Air club identifies crash victims
Published 9:57 am Monday, February 2, 2009
staff report
WAYNE, W.Va. — The victims in Friday afternoon’s plane crash near Tri-State Airport have been identified as members of a Chicago-based Polish American aviation club.
That information has come from the president of American Polish-Aero-Club Chester Wojnicki.
The club members are Kazimierz Adamski of Morton Grove, Wieslaw Dobrzanksi of Niles, Irenevsz Michalowski of Des Plaines and Stanislaw Matras of Chicago.
Also on the twin-engine Piper PA-34 were two guests, Monika Niemiec and her father, Stanley Niemiec, both of Harwood Heights.
Wojnicki said the destination of the group was Clearwater, Fla., but that they had intended to stop in West Virginia to look at a plane for sale. The crash occurred near Plymale Branch Road in rural Wayne County.

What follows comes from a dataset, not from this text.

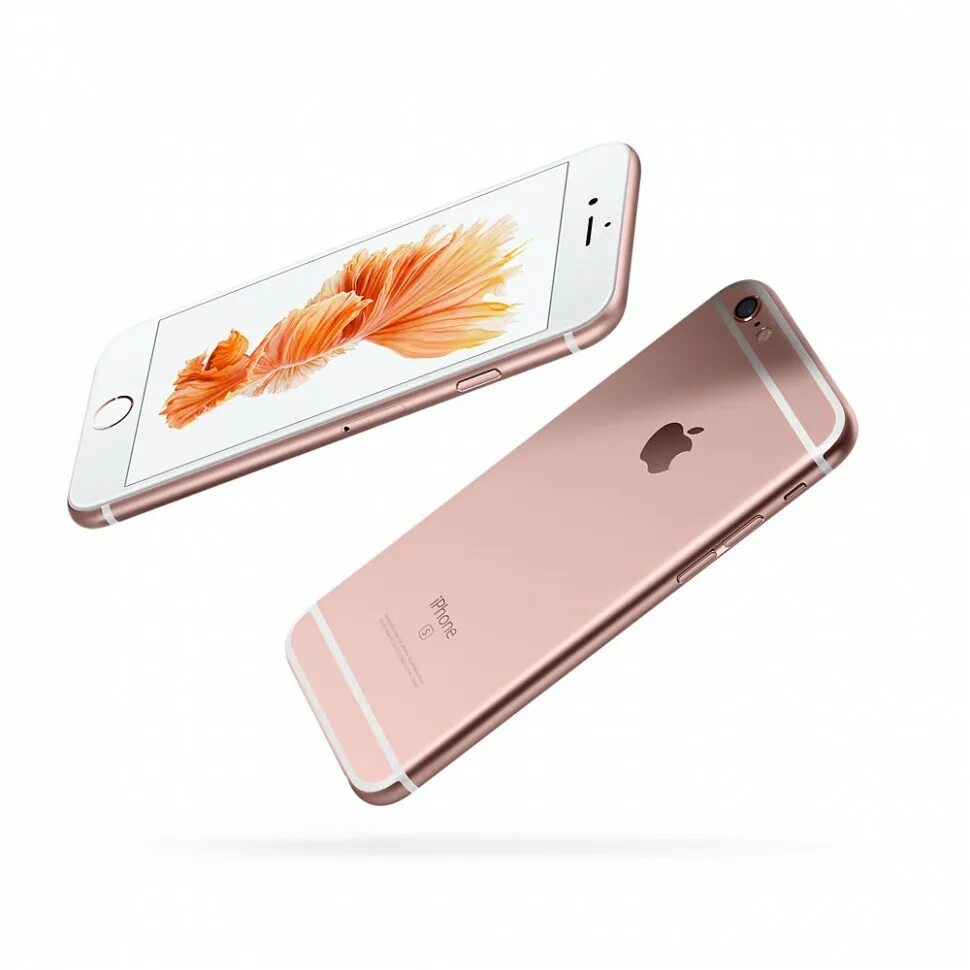 Iphone 6s 64gb. Айфон 6s Rose Gold. Смартфон Apple iphone 6s 16gb. Apple iphone 6s 32gb оранжевый. Рингтон айфон х.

Shortly after 1 p.m. the pilot alerted an air traffic controller at Tri-State Airport that he was low on fuel and was attempting to land. That is according to Kevin Price, fire chief for Tri-State Airport.
“Very early on I realized this was a recovery (effort),” Price said. “As soon as I was on the scene.”
Local law enforcement and emergency units from the surrounding area responded as soon as a call went into the local 911 dispatcher. However, investigating the crash came under the jurisdiction of the National Transportation Safety Board, which was on the scene late Friday afternoon.
Brian Rayner, senior air investigator with the National Transportation Safety Board, was in charge of the investigation and held a press conference Saturday afternoon.
“This was not their destination,” Rayner said. “The tower advised they were coming here due to low fuel status.”
The plane was “completely fragmented,” by the crash with the cockpit and cabin destroyed but the plane was “largely undamaged by fire,” Rayner said.
As of Saturday investigators were still looking for one propeller that was not in the wreckage.
The crash was heard by those living along the Plymale Branch Road area.
Pam Asbury was working at her desk when she heard the crash. Asbury lives about 300 yards from the crash site.
“I heard it all right. It wasn’t an explosion. I thought a tree had fallen on a house,” Asbury said.
Asbury tried to walk out to the area.
“Snow was coming down so hard you could hardly see,” she said. “I walked out there and couldn’t see and walked down to Plymale Branch. I could see a little bit on the hillside.”
The cold snowy weather that hit the Tri-State was hampering investigators as they combed the hillside looking for clues to why the crash happened.
“Weather is going to affect the order in which we do things,” Rayner said on Saturday.
The final report on what happened could take up to a year to complete.